Véritable ascète, s’infligeant privations et sacrifices pour permettre cette longévité de plus en plus rare dans ce « sport de masochistes, de tarés » comme il le décrit, Maxime Bouet repense à ses entraînements « tout seul sous la flotte et le froid au coeur de l’hiver, à se faire mal, dans l’Espigoulier, à peser chaque gramme de ce que tu manges, à faire des déprimes parce que tu pensais avoir perdu du poids alors que tu as grossi ». Il évoque ces « repas que tu termines avec la sensation de faim, les fêtes de famille que tu loupes, les centaines de jours où tu es en déplacement et, donc, où tu ne dors pas chez toi ».
« Le petit bouboule à l’école, parfois la risée de certains »
Autant de moments difficiles qui ont forgé son mental à toute épreuve. Comme ce jour de 2010 où il a perdu sa maman, Brigitte, et dont les cendres avaient été dispersées sur les pentes du col du Grand Colombier, dans le département de naissance de « Max », où il a commencé le vélo à l’UC Culoz-Belley. « Tous les dimanches, je finissais dernier des courses, se souvient-il. Ce qui m’a sauvé, c’est que durant un hiver, j’ai eu une poussée de croissance, j’ai maigri, j’ai eu un gabarit de cycliste. Dès lors, en minime 2e année, j’ai gagné toutes mes courses. Ça m’a donné envie de faire du vélo. »

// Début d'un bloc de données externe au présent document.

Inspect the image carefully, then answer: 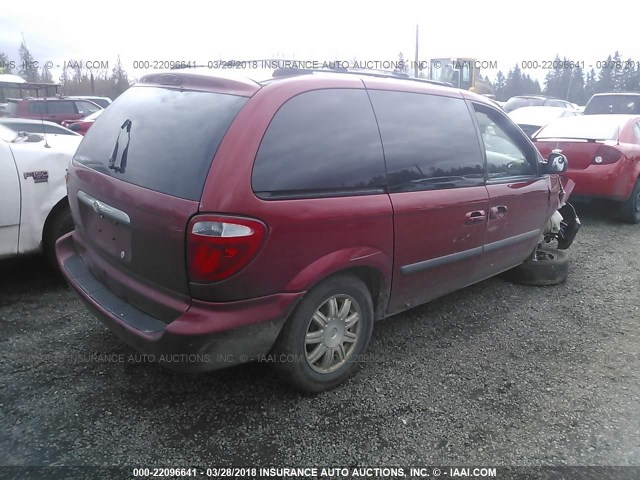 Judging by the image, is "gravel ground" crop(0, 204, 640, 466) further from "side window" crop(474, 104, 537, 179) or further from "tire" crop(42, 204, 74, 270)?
"side window" crop(474, 104, 537, 179)

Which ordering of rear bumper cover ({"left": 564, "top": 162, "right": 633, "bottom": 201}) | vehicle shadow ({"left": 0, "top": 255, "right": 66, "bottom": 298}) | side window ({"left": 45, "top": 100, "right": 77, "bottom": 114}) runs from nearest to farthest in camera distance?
vehicle shadow ({"left": 0, "top": 255, "right": 66, "bottom": 298}), rear bumper cover ({"left": 564, "top": 162, "right": 633, "bottom": 201}), side window ({"left": 45, "top": 100, "right": 77, "bottom": 114})

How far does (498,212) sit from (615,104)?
11509mm

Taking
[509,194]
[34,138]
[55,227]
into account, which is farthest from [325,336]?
[34,138]

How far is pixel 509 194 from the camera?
12.0 feet

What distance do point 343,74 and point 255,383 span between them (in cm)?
183

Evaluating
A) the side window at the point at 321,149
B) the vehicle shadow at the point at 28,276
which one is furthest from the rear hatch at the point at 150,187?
the vehicle shadow at the point at 28,276

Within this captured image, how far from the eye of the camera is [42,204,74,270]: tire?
153 inches

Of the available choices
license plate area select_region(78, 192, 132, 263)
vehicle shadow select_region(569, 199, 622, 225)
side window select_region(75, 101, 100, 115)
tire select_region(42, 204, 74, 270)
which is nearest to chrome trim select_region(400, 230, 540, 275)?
license plate area select_region(78, 192, 132, 263)

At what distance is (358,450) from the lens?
7.72ft

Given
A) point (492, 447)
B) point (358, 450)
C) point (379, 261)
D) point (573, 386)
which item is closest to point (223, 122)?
point (379, 261)

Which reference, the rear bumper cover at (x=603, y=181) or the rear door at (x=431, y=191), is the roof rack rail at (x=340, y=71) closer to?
the rear door at (x=431, y=191)

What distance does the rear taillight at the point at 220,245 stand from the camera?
7.07 ft

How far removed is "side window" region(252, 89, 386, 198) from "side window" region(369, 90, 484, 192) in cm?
11

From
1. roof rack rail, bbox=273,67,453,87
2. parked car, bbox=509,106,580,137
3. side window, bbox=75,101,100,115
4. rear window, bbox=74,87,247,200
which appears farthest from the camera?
side window, bbox=75,101,100,115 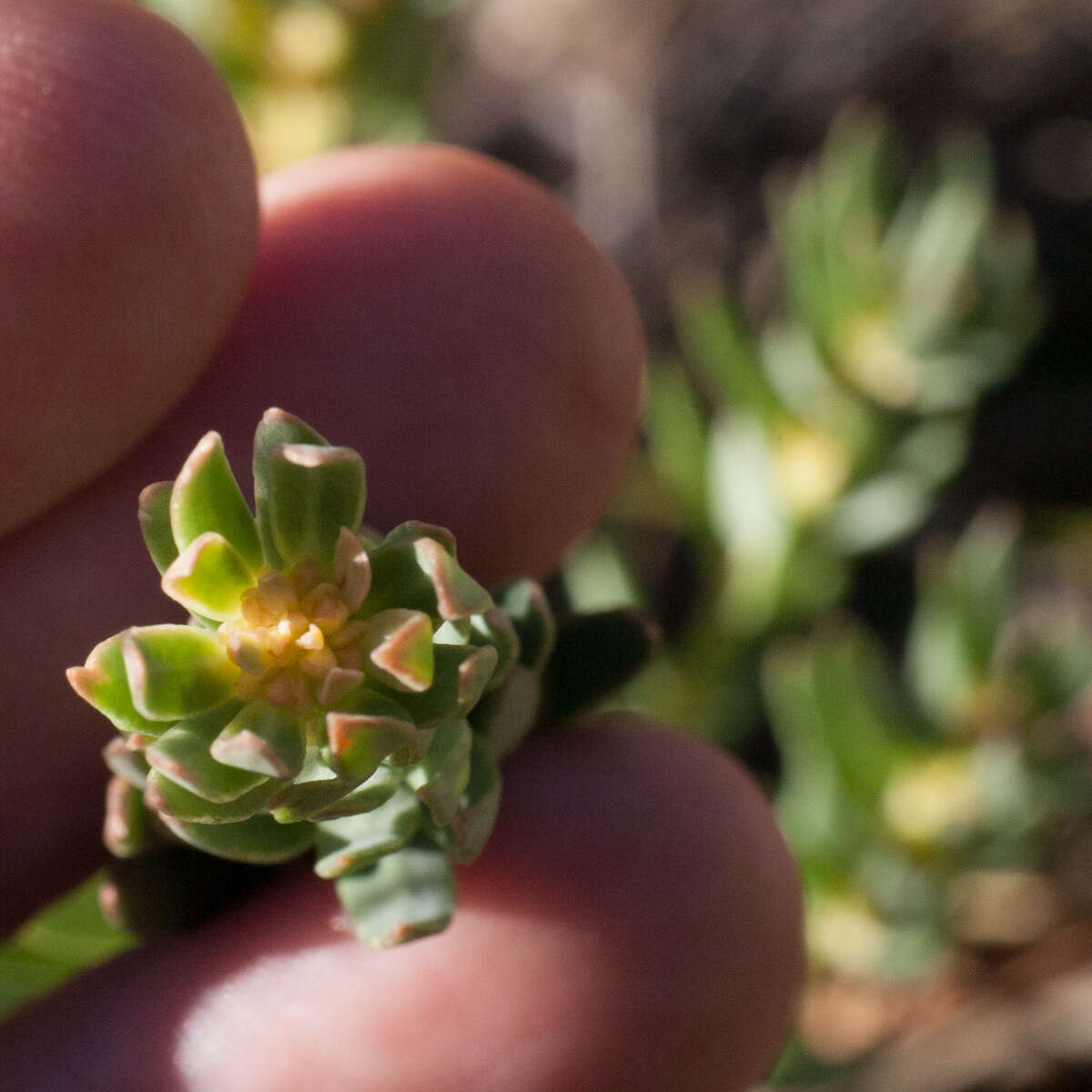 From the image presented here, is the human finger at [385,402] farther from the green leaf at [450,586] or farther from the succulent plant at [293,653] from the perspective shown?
the green leaf at [450,586]

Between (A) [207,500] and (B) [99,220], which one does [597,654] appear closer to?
(A) [207,500]

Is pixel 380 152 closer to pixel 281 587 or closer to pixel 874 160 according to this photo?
pixel 281 587

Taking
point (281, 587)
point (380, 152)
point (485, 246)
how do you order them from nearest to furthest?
point (281, 587) < point (485, 246) < point (380, 152)

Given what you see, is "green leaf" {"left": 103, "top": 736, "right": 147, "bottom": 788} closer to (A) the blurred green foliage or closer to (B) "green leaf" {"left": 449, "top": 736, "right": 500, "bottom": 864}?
(B) "green leaf" {"left": 449, "top": 736, "right": 500, "bottom": 864}

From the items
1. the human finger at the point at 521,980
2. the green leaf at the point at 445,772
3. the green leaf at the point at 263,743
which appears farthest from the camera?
the human finger at the point at 521,980

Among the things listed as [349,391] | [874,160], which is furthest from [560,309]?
[874,160]

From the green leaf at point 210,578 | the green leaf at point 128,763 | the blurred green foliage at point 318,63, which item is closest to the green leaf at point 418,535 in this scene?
the green leaf at point 210,578


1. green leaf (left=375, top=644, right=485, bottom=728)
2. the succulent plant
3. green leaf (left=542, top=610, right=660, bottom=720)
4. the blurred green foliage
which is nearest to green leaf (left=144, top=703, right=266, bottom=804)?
the succulent plant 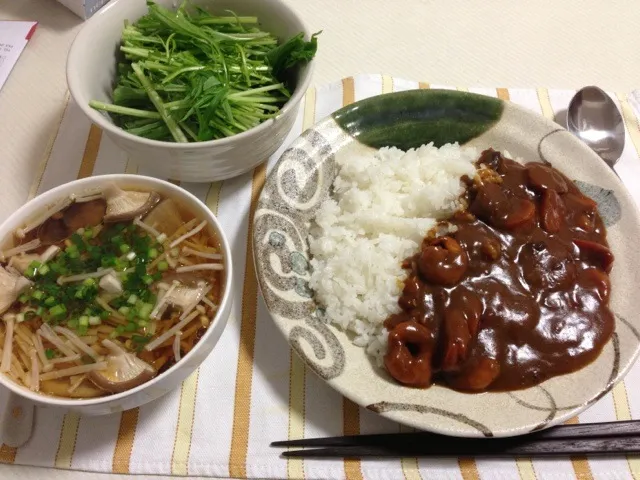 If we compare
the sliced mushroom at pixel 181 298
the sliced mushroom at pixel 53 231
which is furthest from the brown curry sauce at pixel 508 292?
the sliced mushroom at pixel 53 231

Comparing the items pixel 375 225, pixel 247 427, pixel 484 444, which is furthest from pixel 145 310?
pixel 484 444

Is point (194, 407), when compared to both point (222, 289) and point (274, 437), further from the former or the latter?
point (222, 289)

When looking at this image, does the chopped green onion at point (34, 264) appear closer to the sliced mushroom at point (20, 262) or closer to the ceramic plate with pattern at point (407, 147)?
the sliced mushroom at point (20, 262)

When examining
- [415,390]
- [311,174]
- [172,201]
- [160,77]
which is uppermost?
[160,77]

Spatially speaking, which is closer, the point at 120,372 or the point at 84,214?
the point at 120,372

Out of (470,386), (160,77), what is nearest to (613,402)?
(470,386)

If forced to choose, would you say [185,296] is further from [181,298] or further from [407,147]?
[407,147]

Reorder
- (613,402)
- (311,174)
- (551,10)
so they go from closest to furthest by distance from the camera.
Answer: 1. (613,402)
2. (311,174)
3. (551,10) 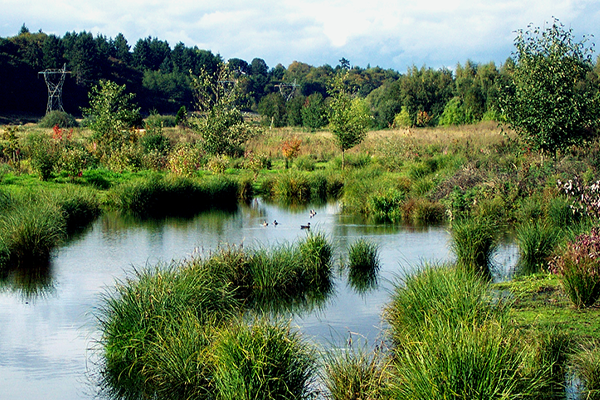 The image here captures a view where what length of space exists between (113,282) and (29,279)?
178 centimetres

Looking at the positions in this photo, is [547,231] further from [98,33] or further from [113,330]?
[98,33]

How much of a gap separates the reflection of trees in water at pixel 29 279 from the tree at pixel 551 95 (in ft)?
44.9

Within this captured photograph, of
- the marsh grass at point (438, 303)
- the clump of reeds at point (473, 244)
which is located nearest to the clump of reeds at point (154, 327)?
the marsh grass at point (438, 303)

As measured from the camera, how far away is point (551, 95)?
18.8 metres

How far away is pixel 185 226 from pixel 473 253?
8.61m

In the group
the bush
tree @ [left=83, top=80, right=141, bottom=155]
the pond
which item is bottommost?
the pond

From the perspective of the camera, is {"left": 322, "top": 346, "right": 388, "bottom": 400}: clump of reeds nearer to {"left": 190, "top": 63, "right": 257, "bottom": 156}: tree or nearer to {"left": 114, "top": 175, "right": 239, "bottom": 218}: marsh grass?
{"left": 114, "top": 175, "right": 239, "bottom": 218}: marsh grass

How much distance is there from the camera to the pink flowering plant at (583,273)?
8.92 meters

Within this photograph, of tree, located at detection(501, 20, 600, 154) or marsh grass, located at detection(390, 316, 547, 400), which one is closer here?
marsh grass, located at detection(390, 316, 547, 400)

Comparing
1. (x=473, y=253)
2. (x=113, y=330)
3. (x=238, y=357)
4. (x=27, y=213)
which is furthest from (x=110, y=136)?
(x=238, y=357)

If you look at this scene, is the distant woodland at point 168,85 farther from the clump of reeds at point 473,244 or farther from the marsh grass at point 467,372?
the marsh grass at point 467,372

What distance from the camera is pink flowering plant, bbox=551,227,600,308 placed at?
892cm

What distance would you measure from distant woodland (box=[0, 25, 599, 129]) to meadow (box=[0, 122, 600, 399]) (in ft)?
59.7

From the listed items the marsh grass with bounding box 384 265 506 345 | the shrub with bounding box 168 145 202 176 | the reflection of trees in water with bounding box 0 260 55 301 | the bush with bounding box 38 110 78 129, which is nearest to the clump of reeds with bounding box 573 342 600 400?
the marsh grass with bounding box 384 265 506 345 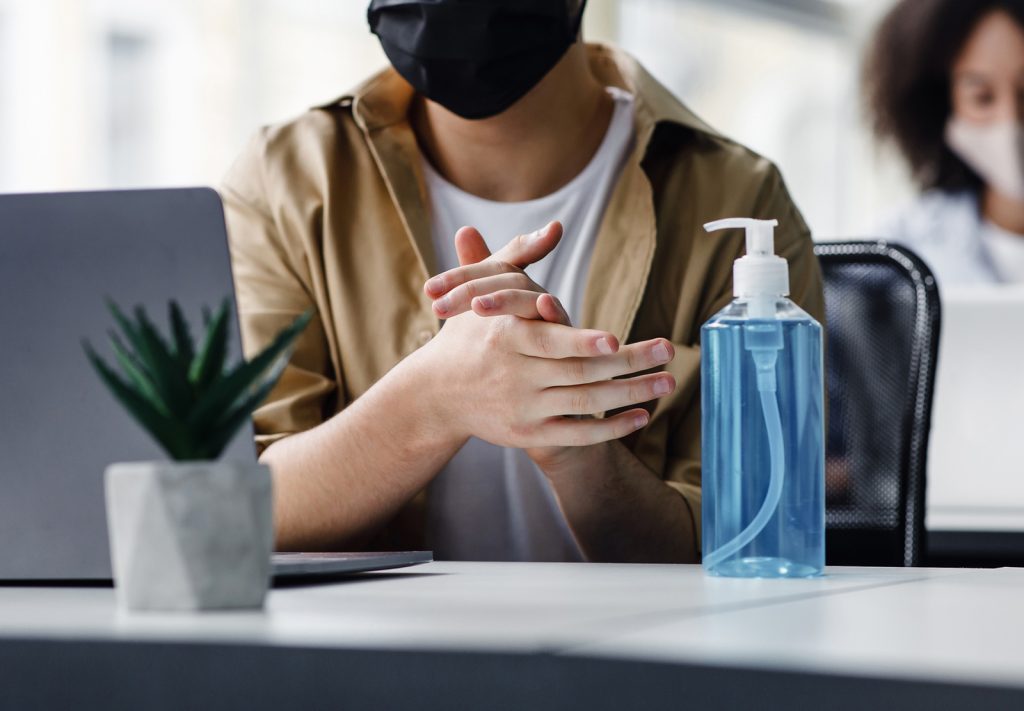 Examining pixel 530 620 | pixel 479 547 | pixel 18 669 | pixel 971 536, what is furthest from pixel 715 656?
pixel 971 536

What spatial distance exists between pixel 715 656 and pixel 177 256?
41 cm

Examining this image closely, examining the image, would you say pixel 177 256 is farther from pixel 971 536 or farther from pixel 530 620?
pixel 971 536

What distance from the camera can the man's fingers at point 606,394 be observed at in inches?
33.7

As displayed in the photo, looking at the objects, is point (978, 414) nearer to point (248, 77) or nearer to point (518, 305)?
point (518, 305)

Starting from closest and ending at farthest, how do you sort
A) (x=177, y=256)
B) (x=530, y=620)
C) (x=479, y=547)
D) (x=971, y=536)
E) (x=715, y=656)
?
(x=715, y=656)
(x=530, y=620)
(x=177, y=256)
(x=479, y=547)
(x=971, y=536)

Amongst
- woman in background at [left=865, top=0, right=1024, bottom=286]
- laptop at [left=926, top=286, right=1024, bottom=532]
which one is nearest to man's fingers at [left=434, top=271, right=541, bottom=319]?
laptop at [left=926, top=286, right=1024, bottom=532]

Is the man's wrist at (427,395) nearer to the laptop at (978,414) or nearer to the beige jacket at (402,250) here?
the beige jacket at (402,250)

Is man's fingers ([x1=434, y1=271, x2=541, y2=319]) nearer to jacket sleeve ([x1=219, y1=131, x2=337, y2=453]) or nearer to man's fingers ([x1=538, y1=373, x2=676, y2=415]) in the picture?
man's fingers ([x1=538, y1=373, x2=676, y2=415])

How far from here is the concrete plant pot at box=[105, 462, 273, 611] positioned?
1.79ft

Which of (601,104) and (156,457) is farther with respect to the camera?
(601,104)

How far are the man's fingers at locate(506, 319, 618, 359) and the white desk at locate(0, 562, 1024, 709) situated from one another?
254mm

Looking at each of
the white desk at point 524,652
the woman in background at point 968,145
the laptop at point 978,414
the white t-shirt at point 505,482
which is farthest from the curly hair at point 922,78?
the white desk at point 524,652

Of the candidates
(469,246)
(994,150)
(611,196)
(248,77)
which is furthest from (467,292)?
(248,77)

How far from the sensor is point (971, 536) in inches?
→ 62.1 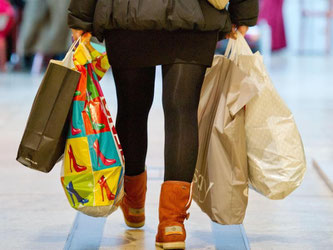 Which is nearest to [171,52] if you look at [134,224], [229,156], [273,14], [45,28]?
[229,156]

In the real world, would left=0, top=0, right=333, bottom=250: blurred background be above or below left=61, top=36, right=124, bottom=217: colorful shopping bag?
below

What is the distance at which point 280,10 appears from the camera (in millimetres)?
11438

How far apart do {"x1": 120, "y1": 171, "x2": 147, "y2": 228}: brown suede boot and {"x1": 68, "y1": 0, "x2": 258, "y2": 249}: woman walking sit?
28cm

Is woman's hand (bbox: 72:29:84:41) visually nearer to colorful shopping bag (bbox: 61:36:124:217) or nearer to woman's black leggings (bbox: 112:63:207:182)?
colorful shopping bag (bbox: 61:36:124:217)

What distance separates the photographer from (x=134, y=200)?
275 cm

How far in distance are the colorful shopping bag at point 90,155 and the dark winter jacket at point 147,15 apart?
111 mm

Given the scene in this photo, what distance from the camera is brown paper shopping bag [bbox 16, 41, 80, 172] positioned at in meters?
2.44

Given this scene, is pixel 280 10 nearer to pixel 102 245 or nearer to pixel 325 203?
pixel 325 203

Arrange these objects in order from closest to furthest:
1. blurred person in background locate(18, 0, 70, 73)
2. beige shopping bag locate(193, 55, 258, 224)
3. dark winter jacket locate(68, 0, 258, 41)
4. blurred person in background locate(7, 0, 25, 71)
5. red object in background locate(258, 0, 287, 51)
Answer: dark winter jacket locate(68, 0, 258, 41) → beige shopping bag locate(193, 55, 258, 224) → blurred person in background locate(18, 0, 70, 73) → blurred person in background locate(7, 0, 25, 71) → red object in background locate(258, 0, 287, 51)

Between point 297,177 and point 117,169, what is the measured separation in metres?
0.61

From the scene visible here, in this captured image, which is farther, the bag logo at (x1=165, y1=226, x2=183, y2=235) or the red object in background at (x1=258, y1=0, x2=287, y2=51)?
the red object in background at (x1=258, y1=0, x2=287, y2=51)

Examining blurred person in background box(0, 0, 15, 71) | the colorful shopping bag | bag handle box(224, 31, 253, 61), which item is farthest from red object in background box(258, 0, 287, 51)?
the colorful shopping bag

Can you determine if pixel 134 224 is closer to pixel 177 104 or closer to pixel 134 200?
pixel 134 200

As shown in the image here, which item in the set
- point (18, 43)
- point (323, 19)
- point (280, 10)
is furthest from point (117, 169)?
point (323, 19) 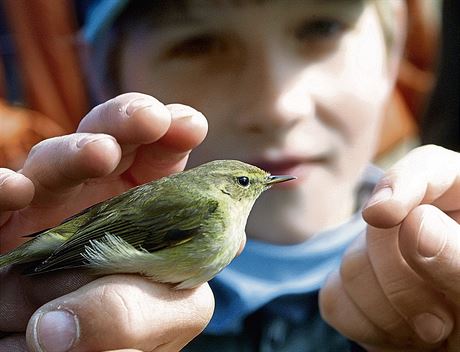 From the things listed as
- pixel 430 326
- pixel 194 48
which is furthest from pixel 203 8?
pixel 430 326

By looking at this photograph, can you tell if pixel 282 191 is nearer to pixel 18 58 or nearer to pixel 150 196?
pixel 150 196

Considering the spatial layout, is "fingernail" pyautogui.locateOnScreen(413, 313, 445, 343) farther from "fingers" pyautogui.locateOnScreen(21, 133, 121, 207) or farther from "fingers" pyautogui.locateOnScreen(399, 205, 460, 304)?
"fingers" pyautogui.locateOnScreen(21, 133, 121, 207)

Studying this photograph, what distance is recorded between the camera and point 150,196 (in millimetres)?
844

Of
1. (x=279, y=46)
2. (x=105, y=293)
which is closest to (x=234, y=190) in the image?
(x=105, y=293)

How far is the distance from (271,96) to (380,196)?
1.76 feet

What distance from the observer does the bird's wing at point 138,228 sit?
81 cm

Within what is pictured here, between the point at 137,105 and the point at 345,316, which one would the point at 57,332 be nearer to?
the point at 137,105

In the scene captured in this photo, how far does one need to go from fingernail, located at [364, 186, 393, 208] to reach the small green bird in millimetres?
171

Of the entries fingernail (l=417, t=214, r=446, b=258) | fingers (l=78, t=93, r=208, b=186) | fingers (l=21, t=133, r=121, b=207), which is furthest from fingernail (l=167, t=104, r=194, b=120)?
fingernail (l=417, t=214, r=446, b=258)

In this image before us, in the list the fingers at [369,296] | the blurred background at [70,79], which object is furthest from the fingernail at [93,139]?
the blurred background at [70,79]

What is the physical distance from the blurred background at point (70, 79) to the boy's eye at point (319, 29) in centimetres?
56

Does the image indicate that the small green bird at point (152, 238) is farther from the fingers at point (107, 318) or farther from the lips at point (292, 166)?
the lips at point (292, 166)

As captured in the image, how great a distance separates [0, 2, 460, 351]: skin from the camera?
2.86 ft

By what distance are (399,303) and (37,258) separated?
0.49 meters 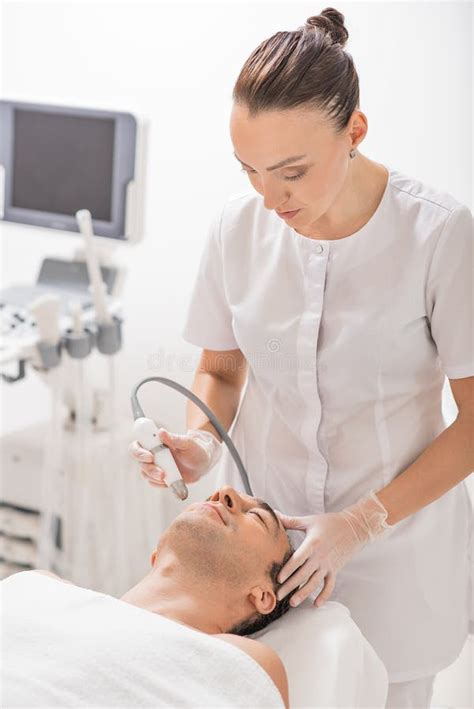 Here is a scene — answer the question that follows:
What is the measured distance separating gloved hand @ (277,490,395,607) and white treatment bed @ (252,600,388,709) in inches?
1.6

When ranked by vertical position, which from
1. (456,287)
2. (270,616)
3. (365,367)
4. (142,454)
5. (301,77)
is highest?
(301,77)

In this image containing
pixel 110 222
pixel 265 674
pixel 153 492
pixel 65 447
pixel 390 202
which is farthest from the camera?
pixel 153 492

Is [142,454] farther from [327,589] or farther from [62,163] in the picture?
[62,163]

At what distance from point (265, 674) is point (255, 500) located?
1.01ft

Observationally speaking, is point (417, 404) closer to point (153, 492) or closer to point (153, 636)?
point (153, 636)

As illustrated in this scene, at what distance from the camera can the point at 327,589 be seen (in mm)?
1335

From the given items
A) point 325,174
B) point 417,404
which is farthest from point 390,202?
point 417,404

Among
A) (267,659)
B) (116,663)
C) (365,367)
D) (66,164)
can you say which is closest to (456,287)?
(365,367)

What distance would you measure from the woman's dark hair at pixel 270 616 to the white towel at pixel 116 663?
14cm

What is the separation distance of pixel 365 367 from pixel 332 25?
1.60 ft

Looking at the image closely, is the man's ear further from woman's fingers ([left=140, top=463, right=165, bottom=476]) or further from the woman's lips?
the woman's lips

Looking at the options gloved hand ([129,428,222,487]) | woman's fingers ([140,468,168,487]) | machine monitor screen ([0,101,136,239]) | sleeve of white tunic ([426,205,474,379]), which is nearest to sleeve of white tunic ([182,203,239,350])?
gloved hand ([129,428,222,487])

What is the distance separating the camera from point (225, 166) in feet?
8.66

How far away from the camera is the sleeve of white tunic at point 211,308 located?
4.77ft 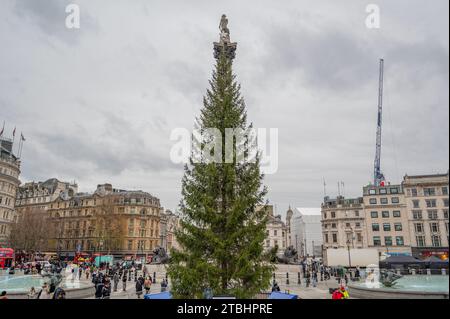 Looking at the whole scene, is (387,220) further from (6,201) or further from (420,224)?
(6,201)

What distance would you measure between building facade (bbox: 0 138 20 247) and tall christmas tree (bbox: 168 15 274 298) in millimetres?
66674

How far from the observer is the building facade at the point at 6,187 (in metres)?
66.7

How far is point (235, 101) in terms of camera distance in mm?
20500

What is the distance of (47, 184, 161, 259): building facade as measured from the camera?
87000 mm

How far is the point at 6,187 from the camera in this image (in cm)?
6781

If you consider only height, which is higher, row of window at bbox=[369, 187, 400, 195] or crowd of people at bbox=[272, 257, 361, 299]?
row of window at bbox=[369, 187, 400, 195]

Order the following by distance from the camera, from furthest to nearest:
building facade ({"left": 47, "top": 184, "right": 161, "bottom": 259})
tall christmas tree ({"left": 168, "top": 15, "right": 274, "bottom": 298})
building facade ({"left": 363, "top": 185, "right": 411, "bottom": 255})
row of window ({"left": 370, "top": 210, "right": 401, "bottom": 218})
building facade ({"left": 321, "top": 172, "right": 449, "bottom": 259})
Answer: building facade ({"left": 47, "top": 184, "right": 161, "bottom": 259}) < row of window ({"left": 370, "top": 210, "right": 401, "bottom": 218}) < building facade ({"left": 363, "top": 185, "right": 411, "bottom": 255}) < building facade ({"left": 321, "top": 172, "right": 449, "bottom": 259}) < tall christmas tree ({"left": 168, "top": 15, "right": 274, "bottom": 298})

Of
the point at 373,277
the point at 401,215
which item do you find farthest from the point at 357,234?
the point at 373,277

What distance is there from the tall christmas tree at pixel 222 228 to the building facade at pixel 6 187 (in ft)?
219

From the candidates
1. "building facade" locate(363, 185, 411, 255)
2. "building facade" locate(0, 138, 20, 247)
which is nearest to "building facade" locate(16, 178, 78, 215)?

L’émotif, ce « gamin venu d’un petit village perdu de l’Ain », a finalement réussi. « J’ai beaucoup voyagé. J’ai fait l’équivalent de douze fois le tour du monde, disputé plusieurs fois le Tour de France (neuf). Plein de gens te disent que ce n’est pas possible, et au final, c’est possible. J’ai beaucoup galéré quand j’étais enfant, je n’étais pas bon au niveau scolaire, j’étais le petit bouboule, de l’école primaire au collège. J’étais parfois la risée de certains, il n’y avait rien qui me prédestinait à réussir. Mais grâce au vélo, j’ai sorti la tête de l’eau. C’est une belle revanche. Seize ans, c’était un beau voyage. »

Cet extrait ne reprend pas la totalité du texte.